4 Conclusion and Further Developments

Human-AI co-creativity is a relationship between two entities that complement each other resulting in a creative output that, in this contribution, identifies with the creation of an IDN. This study highlights the type of support tools and their main elements starting from the context of IDN and extending it to that of the CTS. These categories emerged from the literature review of twenty academic articles, which show the hierarchical relationships among support tools versus AI support systems and creative systems versus authoring systems. Furthermore, a new type of hybrid AI system is emerging from the union of AI-based CST and AI authoring systems categories, which is defined here for the first time as an AI creative support system for IDNs. This new type of AI support system must be acknowledged as a new category corresponding to an existing small niche in the literature.

The review identifies not only the categories of AI support systems but also the elements from which these support systems are composed. Indeed, it emerges as AI-based CSTs are mostly related to CC rather than human-AI co-creativity. Most AI support systems are built to execute tasks, but AI creative support systems for IDNs can reason on a given problem and suggest creative solutions. For a detailed overview of the findings and future developments, see Fig. 3.

Fig. 3.
figure 3

Table of outcomes and further steps. Source: author.

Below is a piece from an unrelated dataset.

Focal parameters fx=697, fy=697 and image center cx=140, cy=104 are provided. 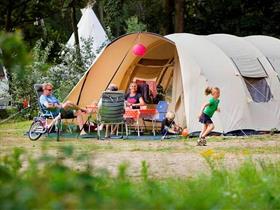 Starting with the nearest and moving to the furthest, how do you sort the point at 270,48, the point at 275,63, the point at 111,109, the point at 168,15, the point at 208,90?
the point at 208,90 < the point at 111,109 < the point at 275,63 < the point at 270,48 < the point at 168,15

The types of creativity components and the narrative elements currently lack a framework structure that considers their hierarchical role of importance in constructing an IDN. Therefore, it is in the subsequent developments of this research to create a framework that systematises the essential elements of the AI support system for IDN and validates them through interviews.

Co-creativity is not easy to define concerning other types of creativity; therefore, reaching a terminological consensus in the literature would facilitate its clustering. This research is the basis for future interactive narrative designers to fill the gaps and terminological pre-understandings by proposing taxonomies that consider the interdisciplinary aspect of the IDNs.